COLLECTED DATA:
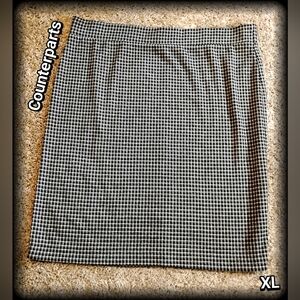 🦩Counterparts XL pullon stretchy Knee Length Skirt Black White Grey Plaid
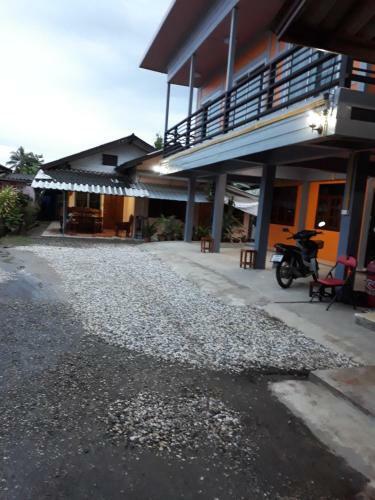 Hostal Baan Wang Kaew
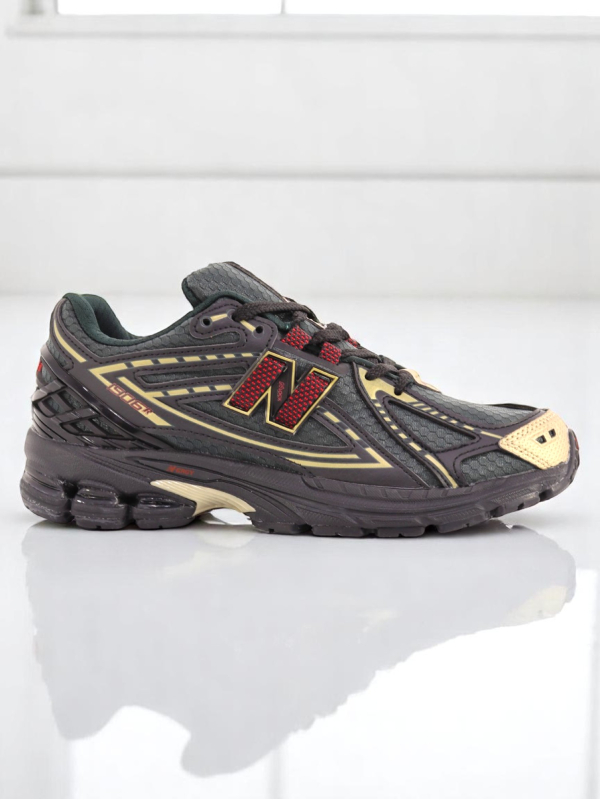 New Balance 1906
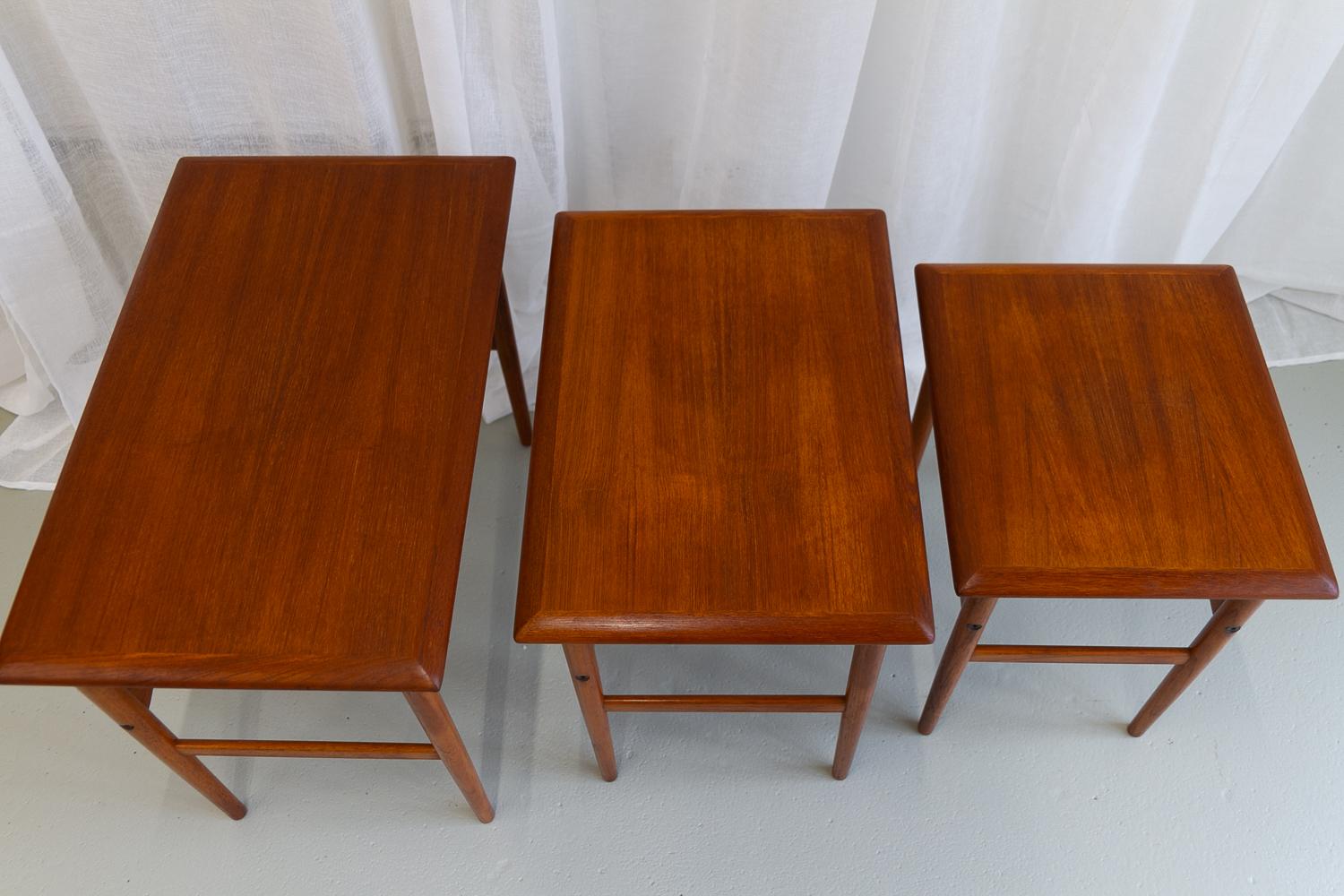 Tables gigognes danoises modernes en teck des années 1960. Ensemble de 3. en vente 2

WHAT IS BEING ASKED: Would you please give the material above again, unchanged but without pictures?

EXERCISE ANSWER:
 🦩Counterparts XL pullon stretchy Knee Length Skirt Black White Grey Plaid
 Hostal Baan Wang Kaew
 New Balance 1906
 Tables gigognes danoises modernes en teck des années 1960. Ensemble de 3. en vente 2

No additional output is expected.